Work task
Because the pictures are not wanted, give back only the exact text of every entry below.

Records shown

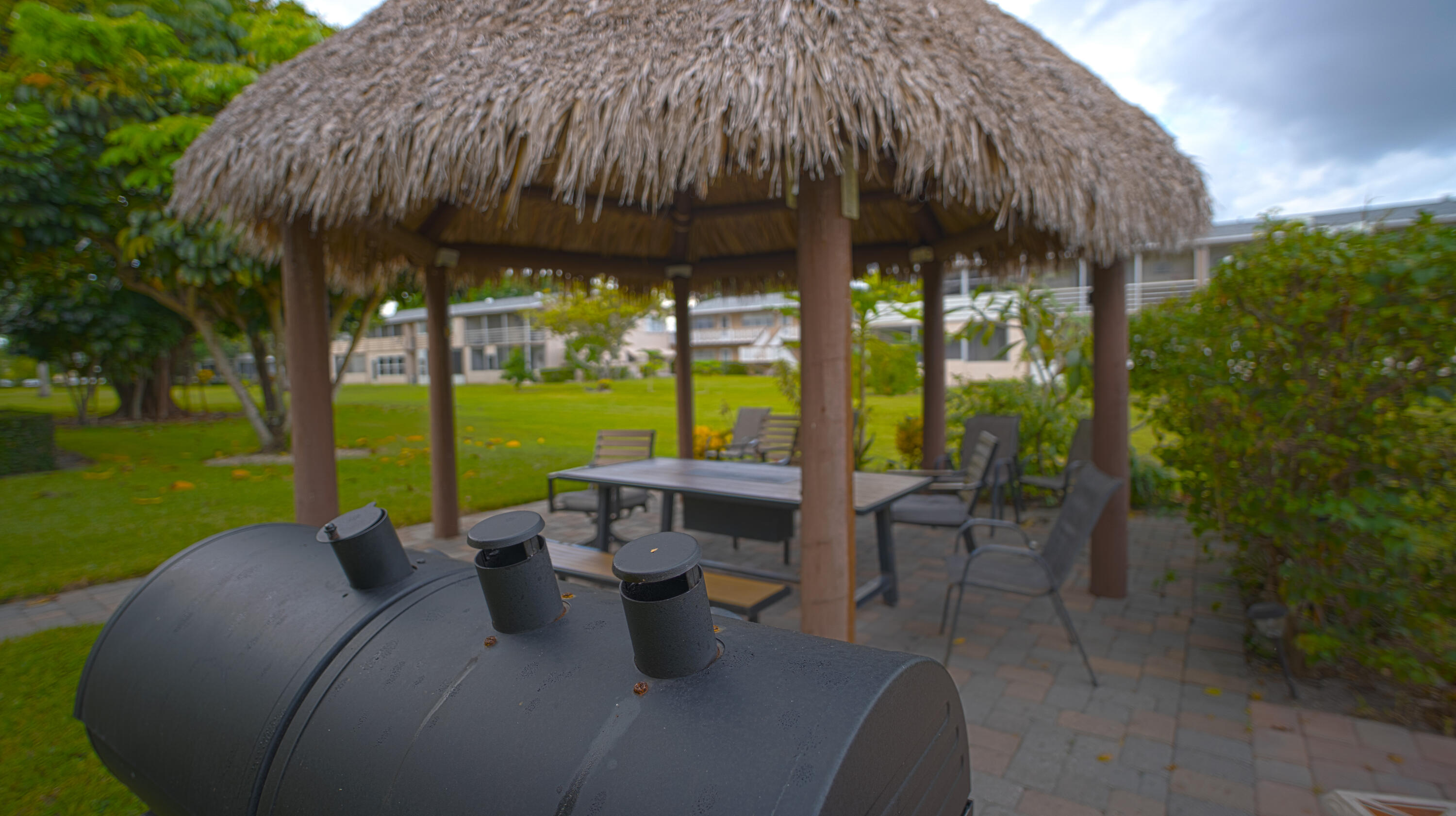 240 Windsor K West Palm Beach, FL 33417 - Photo 22 of 30 a view of an outdoor sitting area with a table and chairs
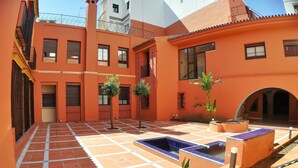 Une cour extérieure aux murs orange, au sol carrelé et agrémentée de plantes en pot.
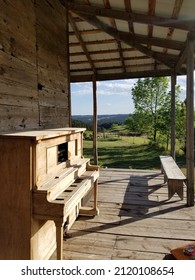 Old Wooden Piano On Porch Outside Of Western Cabin Utah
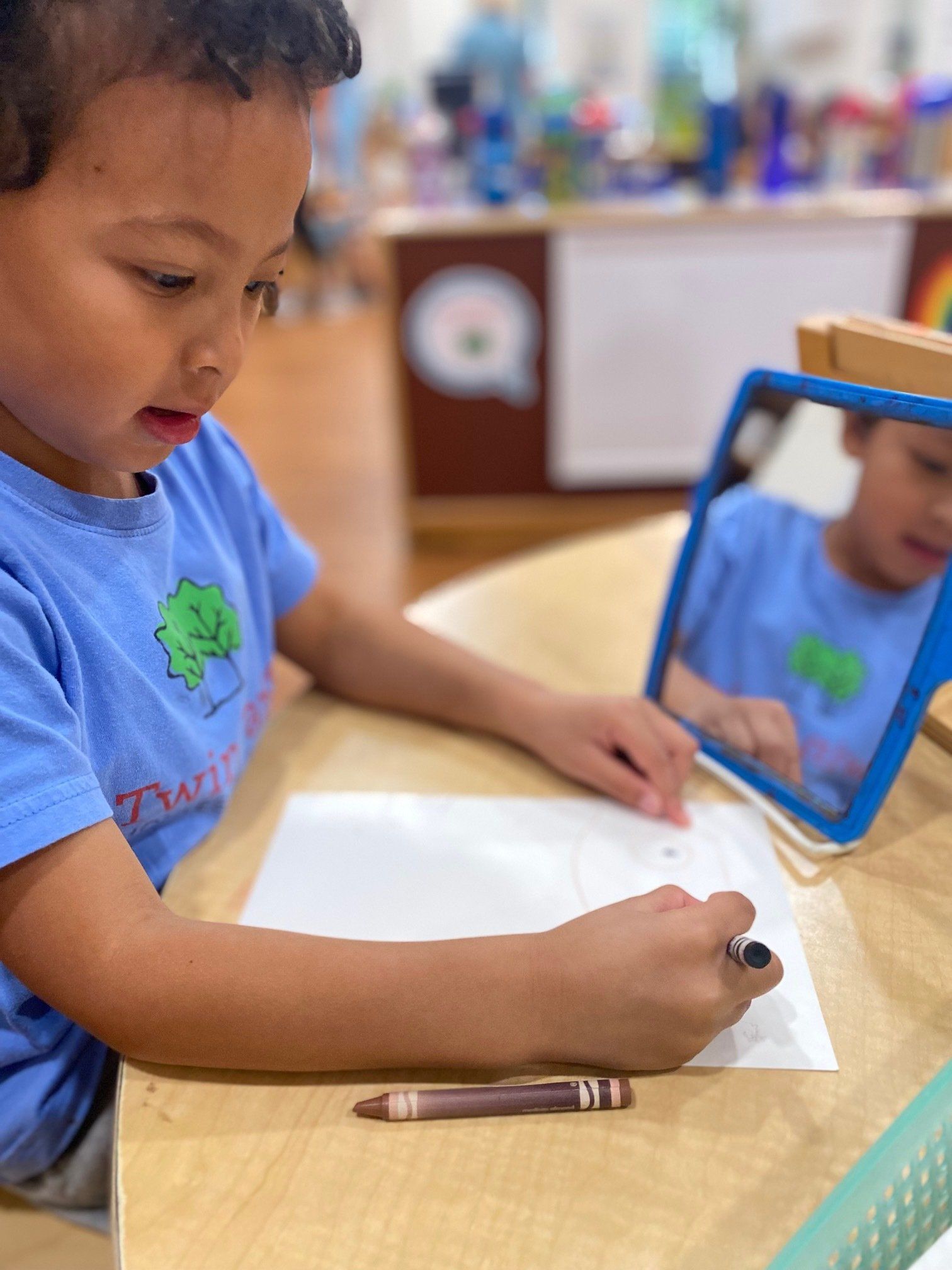 Boy in blue shirt draws with crayon, using mirror, at a table.
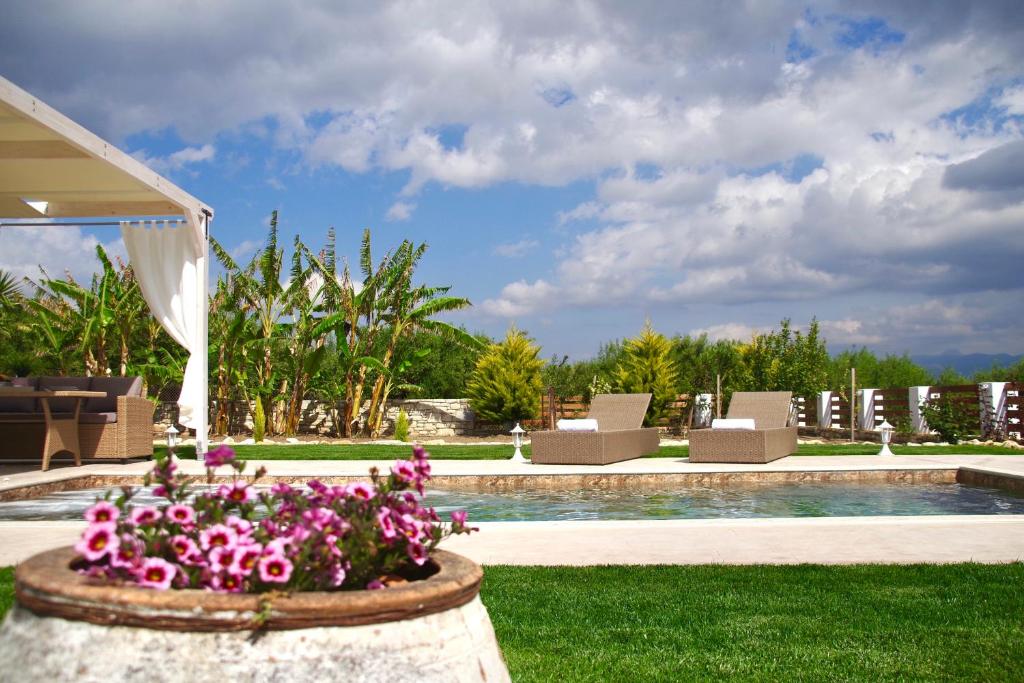 un complejo con piscina y flores en un patio en Private Villa Freedom, en Moírai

Answer for this exercise
 240 Windsor K West Palm Beach, FL 33417 - Photo 22 of 30 a view of an outdoor sitting area with a table and chairs
 Une cour extérieure aux murs orange, au sol carrelé et agrémentée de plantes en pot.
 Old Wooden Piano On Porch Outside Of Western Cabin Utah
 Boy in blue shirt draws with crayon, using mirror, at a table.
 un complejo con piscina y flores en un patio en Private Villa Freedom, en Moírai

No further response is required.